Gingrich, who was speaking at the opening session of the Republican National Committee's summer meeting, fielded a question about "Obamacare" and recalled that Republicans were able to block Bill Clinton's health care reform effort in 1994 because they had "a positive alternative approach" to health care.
But Republicans today have nothing comparable to offer, Gingrich told nearly the 200 state party chairs, operatives and activists gathered in Boston for the conference.
"I will bet you, for most of you, you go home in the next two weeks when your members of Congress are home, and you look them in the eye and you say, 'What is your positive replacement for Obamacare?' They will have zero answer," Gingrich said.

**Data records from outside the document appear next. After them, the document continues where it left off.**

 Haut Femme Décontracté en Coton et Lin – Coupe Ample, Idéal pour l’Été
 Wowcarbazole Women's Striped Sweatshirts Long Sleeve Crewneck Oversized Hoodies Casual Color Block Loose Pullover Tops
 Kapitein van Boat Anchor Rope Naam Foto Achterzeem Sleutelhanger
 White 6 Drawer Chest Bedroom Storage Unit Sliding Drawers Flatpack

Gingrich blamed the problem on Republican culture that rewards obstruction and negativity instead of innovation and "being positive."

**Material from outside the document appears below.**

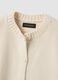 Beige pure cotton cardigan with buttons, regular fit_5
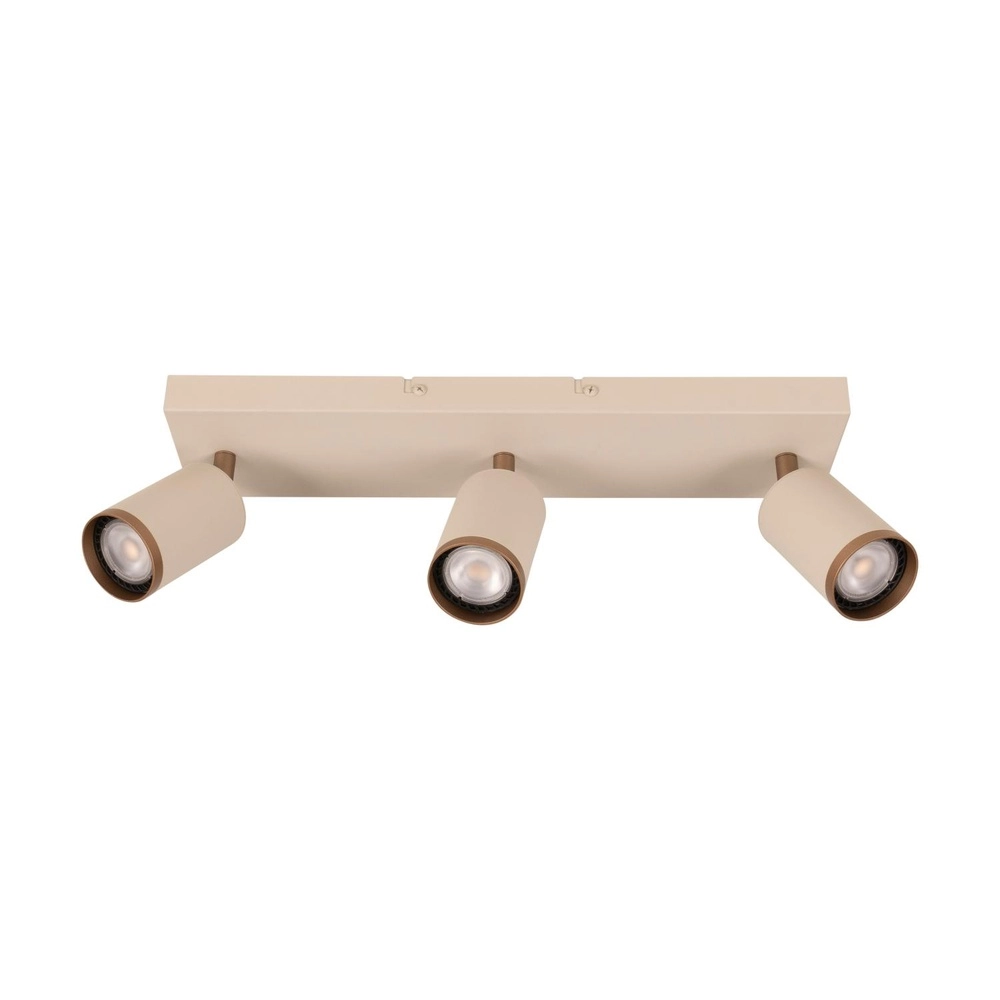 Ceiling spotlight Regina 3-light taupe with coffee brown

"We are caught up right now in a culture, and you see it every single day, where as long as we are negative and as long as we are vicious and as long as we can tear down our opponent, we don't have to learn anything," Gingrich said, acknowledging the "totally candid" nature of his remarks. "We have to do the homework."
"This is a very deep problem," said Gingrich, who was recently named one of the hosts of CNN's political talk show "Crossfire."

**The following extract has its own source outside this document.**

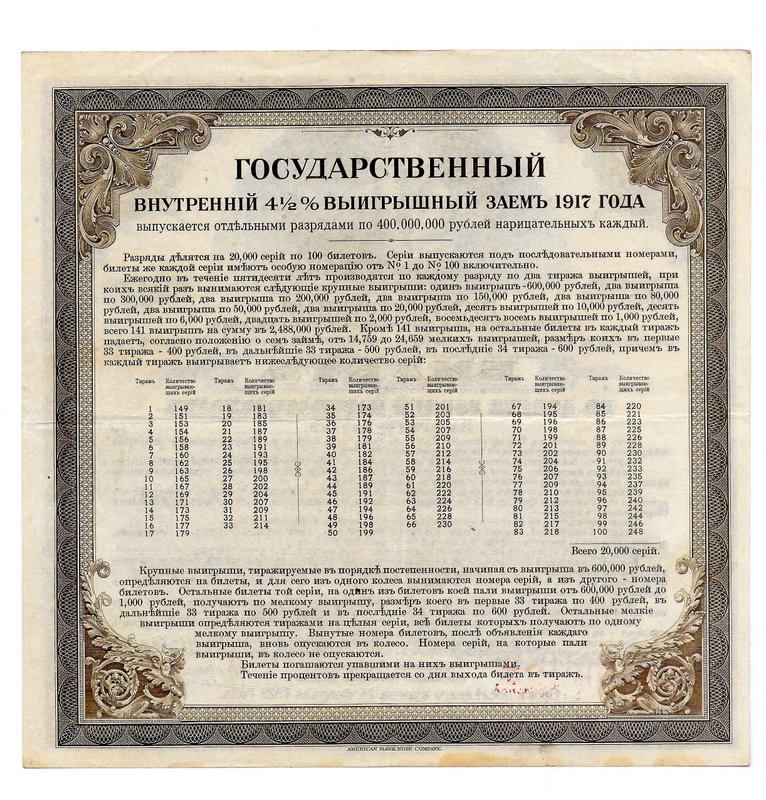 Билет 200 рублей 1917 3 разряд Государственный внутренний выигрышный заем Иркутское ОГБ 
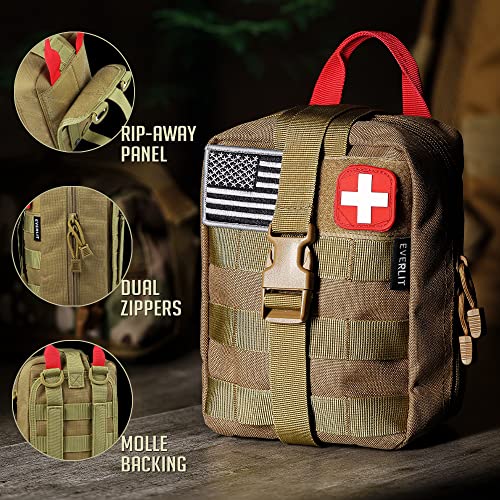EVERLIT 250 Pcs Survival First Aid Kit | IFAK Outdoor Survival Kit Emergency Kit For Camping Hiking Hunting Earthquake Emergency Preparedness - color: Camo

Gingrich's remarks were pegged to his forthcoming book "Breakout," which calls on Republicans to embrace new technologies and policies in an effort to become a party of the future.
President Obama also accused Republicans of having no health care plan during a White House press conference last week, a claim that was met with disdain by House Republican leaders who circulated a series of health care ideas to reporters after the president's remarks.
A number of prominent conservatives in the House and Senate are pushing to shut down the federal government in a bid to de-fund the president's health care law when Congress takes up a government spending measure in late September.
Asked if he agreed with Gingrich's arguments, RNC Chairman Reince Priebus said "not completely." He pointed to a number of piecemeal health care proposals available on the web sites of House Republican leaders.
Priebus said he supports repealing or de-funding Obamacare, but pressed on whether he would support a government shutdown to accomplish those goals, Priebus said he did not want to debate tactics.